Film That Inaccurately Links Netanyahu to Rabin Assassination Wins Award During Coalition Crisis

September 27, 2019

2 min read

The assassination of Prime Minister Yitzchak Rabin in 1995 shocked Israel to its roots but as the memory of the event fades new narratives emerge that twist history to suit current political agendas. This seems to be the case with the movie “Incitement” that just won Best Picture and Best Director at the prestigious 2019 Ophir Awards on Sunday night.  

Culture Minister Miri Regev criticized the film, saying the movie was part of an agenda to malign Prime Minister Benjamin Netanyahu. 

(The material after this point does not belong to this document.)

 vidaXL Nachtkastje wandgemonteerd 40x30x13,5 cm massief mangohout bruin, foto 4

“Yigal Amir is a murderer who shot a bullet into the heart of the nation and did the worst thing possible, kill a prime minister in a democracy,” said Regev. “There is no place for a film that tries to understand him or his motivations, or to hint or accuse others of being behind his heinous act.”

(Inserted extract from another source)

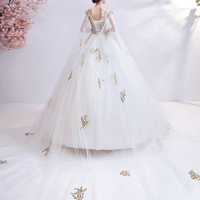 White tulle sequins long prom dress white evening dress - Thumbnail 5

“The creators did not miss an opportunity to assign Prime Minister Benjamin Netanyahu a part in the incitement campaign,” she said, calling such a portrayal “a distortion and an attempt to mislead the public, which was completely detached from reality.”

Regev refused to watch the movie.

In fact, Netanyahu was not part of any anti-Rabin incitement. The most egregious incitement were posters distributed at a Likud rally depicting Rabin in a Nazi SS uniform. The Shamgar commission tasked with investigating the assassination concluded that the posters were produced and distributed by the Shin Bet (the Israeli internal security service also referred to as the Shabak). The posters were a ploy devised by Avishai Raviv, a Shin Bet agent who befriended Amir and urged him to kill Rabin while posing as a righ-wing extremist. Raviv did so in order to document activities and people within the settler community.

The anti-Netanyahu agenda was not just implicit in the movie but was one of the motivating factors of its creators. The director, Yaron Zilberman, criticized Netanyahu during his acceptance speech, describing him as corrupt. He praised Rabin and said he hoped that future leaders would unite the country. 

This comes after the second-round elections culminated in a near-tie in which Netanyahu is struggling to form a coalition.

It should be noted that Rabin did not, in fact, leave a legacy of a united Israel. After signing the Oslo Accords with Yasser Arafat, much of the nation felt disenfranchised and the right-wing religious settlers who lived in Judea and Samaria felt a strong hatred from the secular left-wing living in the center of the country. Shimon Peres replaced Rabin after the assassination but lost to Netanyahu in the following elections held in 1996. Those elections were incredibly close with Peres initially being declared the winner.

HBO recently aired a ten-episode series titled “Our Boys.” Billed as a dramatized depiction of the murder of three Israeli teens in 2014. In fact, the murder of the Jewish teens was barely seen. Almost the entirety of the movie dealt with the subsequent murder of a Palestinian teen carried out by a three Jews who were later convicted for that crime. The film depicted Jewish settlers in a manner at least one critic described as “neo-nazis.” That critic felt it was an apt depiction. Netanyahu criticized the film as being “cynical and harmful.”

Yigal Amir, who murdered Rabon, is now 49 and is serving a life sentence and is being held in solitary confinement.

Incitement will now be Israel’s official selection for consideration for a Best Foreign Language Film Oscar nomination.